No, no todos somos Charlie. Ni los mismos franceses habían demostrado hasta el momento un especial apego al semanario. Si bien logró ventas extraordinarias reproduciendo las caricaturas de Mahoma (160.000 ejemplares), tenía habitualmente una tirada de 50.000, y sus finanzas se tambaleaban por la falta de publicidad y la drástica reducción de ventas. Ahora ha sacado un nuevo número con una tirada millonaria. Las trágicas muertes de sus principales plumas pueden dar nueva vida a una revista moribunda, algo que sus fanáticos agresores no comprendieron.
Derecho a la crítica
No, no todos somos Charlie Hebdo. La solidaridad con sus redactores no significa respaldar sus ideas. Una cosa es defender su derecho a la sátira, y otra compartir sus posturas. Ahora algunos periódicos han propuesto publicar las provocativas viñetas de Charlie Hebdo como un gesto de solidaridad. Pero no todo el mundo está de acuerdo.

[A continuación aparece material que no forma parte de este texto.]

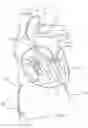 Fig. 04 - Apical Control Of Transvascular Delivery Of Prosthetic Mitral Valve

El propio New York Times, después de un debate en la redacción, ha decidido no hacerlo, según explica una nota editorial. El editor, Dean Baquet, afirma que la decisión responde a un criterio del periódico: “Hay una frontera entre el insulto gratuito y la sátira. La mayoría [de estas viñetas] son insultos gratuitos”. El mismo criterio han mantenido en sus páginas informativas The Washington Post, Associated Press, la CNN y otras muchas organizaciones informativas. Martin Baron, del Washington Post, justifica que el diario no publica material que sea “deliberadamente o innecesariamente ofensivo para miembros de grupos religiosos”.
¿Es esto falta de solidaridad? Glenn Greenwald, conocido abogado constitucionalista y columnista, no lo cree así: “¿Cuándo se ha visto que para defender el derecho a la libertad de expresión de alguien haya que publicar y abrazar sus ideas? ¿Se aplica esto en todos los casos?”.
La libertad de expresión no debe ceder ante las amenazas ni las violencias. Pero la defensa de esta libertad implica también el derecho a criticar lo que otros publican.